What does this mean for automobiles?
By installing incredibly intricate roadside sensor networks and additional sensors in “smart” automobiles — both of which feed continuous data, via the Internet, to a powerful collection engine — automobiles will be in constant communication with road conditions and each other.
Smart cars can be programmed to avoid crashing into roadside obstacles and each other, auto-correct if a driver strays from the road or sound an alarm if a driver shows signs he's falling asleep.
In the U.S. alone, according to Entrepreneur.com, “self-driving cars could eliminate the more than 33,000 motor-vehicle traffic deaths a year, 2.3 million injuries and billions in car damage.”
Traffic jams will be significantly reduced or eliminated.
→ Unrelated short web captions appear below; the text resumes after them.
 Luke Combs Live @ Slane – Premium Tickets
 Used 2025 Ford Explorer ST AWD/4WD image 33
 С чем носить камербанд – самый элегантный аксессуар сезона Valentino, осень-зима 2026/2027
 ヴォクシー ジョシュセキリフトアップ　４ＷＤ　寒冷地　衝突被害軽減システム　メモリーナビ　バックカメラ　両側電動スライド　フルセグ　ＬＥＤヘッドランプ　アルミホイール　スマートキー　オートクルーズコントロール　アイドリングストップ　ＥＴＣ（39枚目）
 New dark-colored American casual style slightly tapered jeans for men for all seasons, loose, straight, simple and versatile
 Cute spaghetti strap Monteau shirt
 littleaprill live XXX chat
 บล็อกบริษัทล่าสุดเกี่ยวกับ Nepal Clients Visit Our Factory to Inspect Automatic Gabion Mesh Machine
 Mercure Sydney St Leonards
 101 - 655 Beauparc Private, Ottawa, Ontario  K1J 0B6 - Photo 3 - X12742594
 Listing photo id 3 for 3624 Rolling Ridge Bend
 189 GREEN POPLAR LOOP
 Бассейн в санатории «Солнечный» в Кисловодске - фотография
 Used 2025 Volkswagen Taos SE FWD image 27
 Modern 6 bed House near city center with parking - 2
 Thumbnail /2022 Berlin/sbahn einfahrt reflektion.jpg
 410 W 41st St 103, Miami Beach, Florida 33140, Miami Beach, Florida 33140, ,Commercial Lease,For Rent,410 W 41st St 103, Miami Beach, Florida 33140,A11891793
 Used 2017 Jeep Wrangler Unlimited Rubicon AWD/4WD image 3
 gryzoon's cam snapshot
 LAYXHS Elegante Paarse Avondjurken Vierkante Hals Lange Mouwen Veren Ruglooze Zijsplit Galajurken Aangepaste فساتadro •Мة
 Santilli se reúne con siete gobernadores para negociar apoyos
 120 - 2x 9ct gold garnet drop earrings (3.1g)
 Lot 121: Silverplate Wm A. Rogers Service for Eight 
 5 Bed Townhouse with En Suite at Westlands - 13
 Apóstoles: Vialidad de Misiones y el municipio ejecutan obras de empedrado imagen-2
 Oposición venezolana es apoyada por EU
Imagine if every car sitting on the Parkway in front of the Squirrel Hill Tunnel could be safely guided through at a coordinated speed that eliminates stop-and-go driving.
How about energy savings?
“Street lamps could automatically switch off in areas with no nighttime traffic, and turn on only when road sensors detect a vehicle getting closer,” reports Information Week.
It's hard for a car buff like me to imagine — I love to drive — but driverless automobiles will soon be everywhere.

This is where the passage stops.